▸ Provided data
⁂
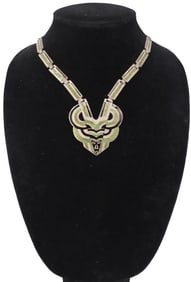 Mexican Silver and Enamel Necklace - Gross 2.445 ozt.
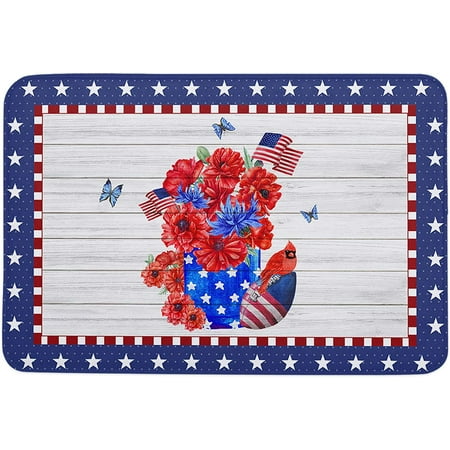 

USA Flag Memory Foam Doormat Anti-Skid Absorbent Indoor Door Mat Soft Floor Mat for Entryway Patio Kitchen High Traffic Areas Decor Mason Jar with Poppy Flowers Wooden Planks 20x32 Inch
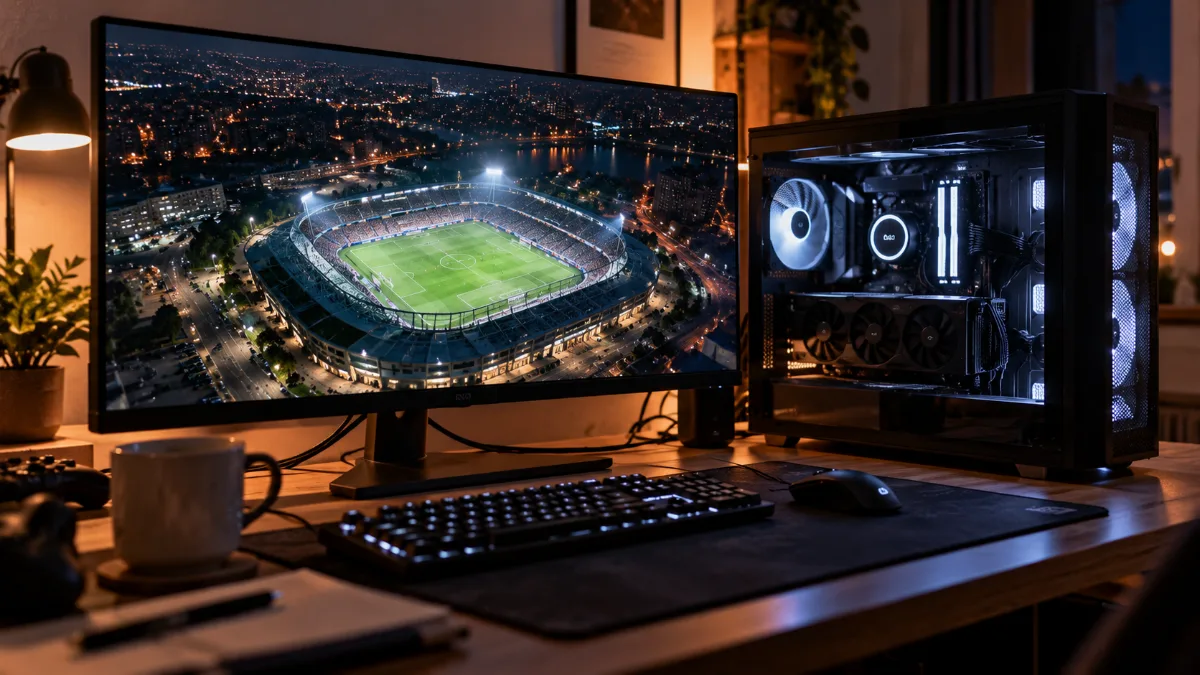 PC gamer sur un bureau à côté d'un écran affichant un stade de football illuminé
⁂
▸ About this task
Copy the data word for word. Pictures do not go in the copy.

▸ Solution
 Mexican Silver and Enamel Necklace - Gross 2.445 ozt.

USA Flag Memory Foam Doormat Anti-Skid Absorbent Indoor Door Mat Soft Floor Mat for Entryway Patio Kitchen High Traffic Areas Decor Mason Jar with Poppy Flowers Wooden Planks 20x32 Inch
 PC gamer sur un bureau à côté d'un écran affichant un stade de football illuminé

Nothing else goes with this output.